Acuon Capital, a Korean consumer-finance business, has raised Krw140 billion ($127 million) from its inaugural issuance of ESG bonds. Its leaders view this as a testament to a rapid and successful digital transformation.
Acuon Capital and its affiliate, Acuon Savings Bank, have been around for more than three decades, originally as KT Capital. The businesses were acquired in 2019 by Baring Private Equity Asia, whose managers saw the opportunity to take a financial institution in the traditional consumer-finance space and digitize it.
“The remit was to grow the company,” said Hogan Lee, CEO at Acuon Savings Bank, who was brought in to lead the business in the wake of the acquisition; he had previously been president of Chicago Business Management in Seoul.
“Without digitization, our costs would grow linearly as we expanded, which meant we would not generate enough profits. As the market digitizes, cost structure becomes important. And customers now demand convenience.”
Digital yields results
In eighteen months, the firm has created an API layer with about 30 fintech companies, mobile payment apps, digital banks, and traditional banks. Today over 60 percent of new loans originate via digital partnerships.
That effort has paid off, helping Acuon jump up the Korean league tables in terms of size and deal flow. The combined businesses now have about $7 billion in total assets, of which over $5 billion are loans. At the start of 2020, about 20 percent of new retail loan origination was through digital channels, a figure that rose to around 50 percent by Q4 2020 – activity that is bolstered by a commensurate increase in deposits.
Moreover, Lee says the heightened activity is improving the quality of the loan book. Two years ago, up to 7 percent of loans might fall delinquent, but that figure is down to about 4 percent. Digitization has made it possible to reach new customers but also to price them more accurately, with Acuon’s algorithms needing only a few seconds to determine whether an applicant is suitable.
“Better customers require better pricing,” Lee said. “To enable this required a total restructuring of our business.”
Part of this was about building internal machine-learning capabilities to make quick and accurate, data-led assessments of credit risk.

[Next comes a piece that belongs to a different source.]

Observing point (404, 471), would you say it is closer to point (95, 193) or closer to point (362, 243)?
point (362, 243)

Building a tech stack that could integrate with leading banks was also important. Commercial banks, including Korea’s leading digital banks Kakao Bank and Kbank, which agreed to source their riskier clients to Acuon.

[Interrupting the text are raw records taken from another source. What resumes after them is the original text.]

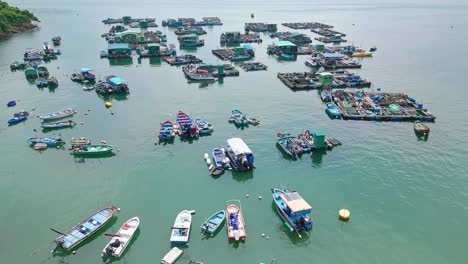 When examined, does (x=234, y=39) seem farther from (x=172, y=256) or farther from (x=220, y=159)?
(x=172, y=256)

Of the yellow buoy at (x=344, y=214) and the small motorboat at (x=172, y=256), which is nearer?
the small motorboat at (x=172, y=256)

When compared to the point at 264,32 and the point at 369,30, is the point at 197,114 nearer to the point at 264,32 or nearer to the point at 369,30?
the point at 264,32

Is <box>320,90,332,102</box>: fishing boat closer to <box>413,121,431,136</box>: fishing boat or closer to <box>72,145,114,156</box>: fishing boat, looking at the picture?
<box>413,121,431,136</box>: fishing boat

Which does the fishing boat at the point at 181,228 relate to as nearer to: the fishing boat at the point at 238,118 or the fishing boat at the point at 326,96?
the fishing boat at the point at 238,118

This ability to seamlessly take on such customers has helped Acuon improve its overall asset quality by 70 basis points over the past 12 months, Lee says.
Ready to expand
Put together, the firm is now in expansion mode. It is the first financial institution in Korea with a local A0 credit rating to issue an ESG bond, says Kim Junseok, group strategy team head at Acuon Capital. “Previously, only big conglomerates or bank holding companies with investment-grade credit ratings could issue these bonds,” he said.
Proceeds will include renewable energy projects and water treatment plants, as well as social projects to lend more to small businesses and startups, which traditionally have struggled to obtain credit in South Korea. In other words, Acuon intends to expand its lending to ESG-related companies, using its capital-market issue to generate the capital to lend as well as support other aspects of the business.
The question is, will Acuon’s digital transformation help it originate and distribute these ESG loans in a faster or more efficient way? Lee says he doesn’t know yet: its digitalization has focused on Acuon’s consumer business, not its corporate lending, which is still a face-to-face business.
Consumer finance companies sit below the top-tier, big commercial banks. The difference is in the credit quality they service. Top-tier banks tend to lend on average at an APR of 7.9 percent, and a maximum of about 10 percent.
Consumer finance companies lend at higher interest rates, typically at 14 percent to 15 percent APR (annual percentage rate), which puts them in the same tier as credit-card companies and electronic peer-to-peer lenders; but Korea’s P2P sector has suffered high delinquencies and is going through a shakeout, with many commercial banks cutting ties.